May 15, 2008

Paying Attention

When I'm interested in something, I focus--like miss obvious things going on around me kind of focus. This led me (in college, I think) to discover a nifty little trick.

The next time your in a mid-sized audience, say 15 to 100 people, for a speaker, try something. Pay attention. I mean close attention. Ignore your friends, watch the speaker, and try to anticipate what they'll say next.

Assuming your friends aren't trying the same thing, you'll notice something after about 10 minutes. The speaker, unless blinded by stage lights or very, very professional, will be talking to you. They'll spend 40-60% of their time looking directly at you. They'll wait for you to nod slightly at important points or smile at jokes. They'll drift slightly toward you if you're off to one side. They won't lose their topics, but they may lose the rest of their audience.

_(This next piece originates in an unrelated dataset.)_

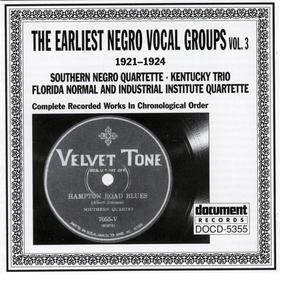 The Old Account Was Settled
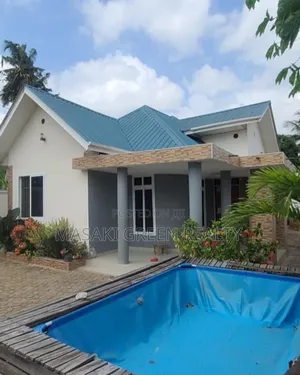 3bdrm House in Mapinga Estate, Kinondoni for sale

Works for almost anyone but professional storytellers, whose audience contact is part of how they tell the story. Works for professors, for introverts, for high corporate mucky mucks. I've even moderated a panel discussion at a convention from the audience this way. Their moderator wasn't doing much, I asked a couple of questions and listened to the answers, et voila. Pretty soon everyone on the panel was waiting for me to look at them before they spoke. Very strange, but kind of cool.

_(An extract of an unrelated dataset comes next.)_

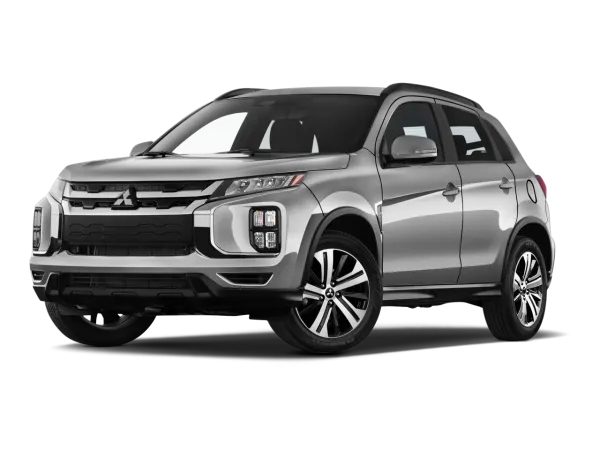 2020 Mitsubishi Outlander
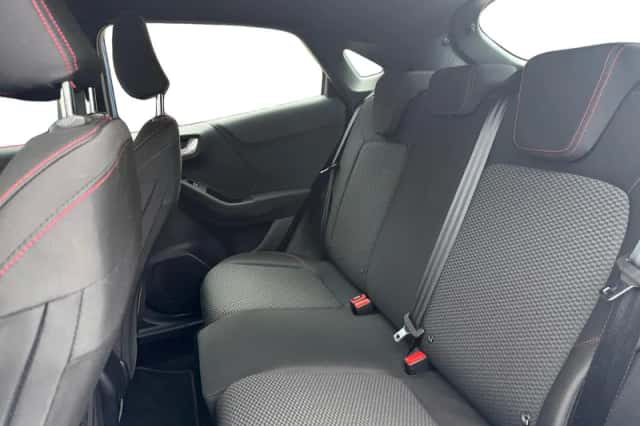 Ford Puma (2021) thumbnail 6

One word of caution: listening this way in a one-on-one situation can have a very different outcome. You may end up with a new best friend who has to tell you all their troubles (because you're so understanding), or someone may feel the need to tell you, nervously, that they're just not interested. So be careful where you practice.

7 comments:

Sean M. Murphy said...

Ah... social domination can be so much fun.

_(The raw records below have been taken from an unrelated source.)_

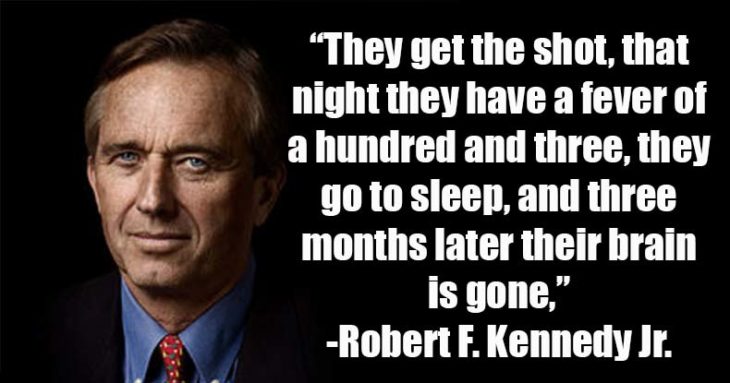Outspoken Vaccine Skeptic, RFK Jr. To Head Federal ‘Vaccine Commission’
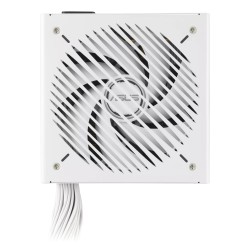 ASUS Prime 750W Bronze White Edition unité d'alimentation d | JDB-Info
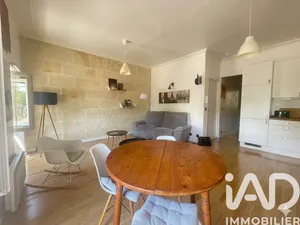 Apartment in Bordeaux (33100)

And yes, being careful when--and to whom--you do this is such a good idea...

Stephanie Zvan said...

But really, if I can get enough other people to do this, then I can go back to being absorbed and ignored. It is, ironically, kind of distracting when it happens.

Sean M. Murphy said...

So... what you really want is other people to carry the weight of being the speaker's target, so you can chameleon into the crowd but still listen intently... okay, understood.

Like rabbits running pell-mell to create a distraction, only with people and staring eyes.

Stephanie Zvan said...

Bingo.

Best part: what speaker do you know who wouldn't be thrilled by the arrangement?

Sean M. Murphy said...

Hmmm.... good point. Though I can see a moderately shy speaker getting completely derailed by the unexpected attention...

Becca said...

This is such an amusing post. I'm not the only one who does this!!

If you want a true social domination challenge, try doing this in a Toastmaster's meeting- it's much more difficult.

Stephanie Zvan said...

Hey, Becca. No, you're not the only one, although I suspect there aren't many of us. Toastmasters sounds like an interesting challenge, but it would require going to Toastmasters. (I warned you about the snark, right?)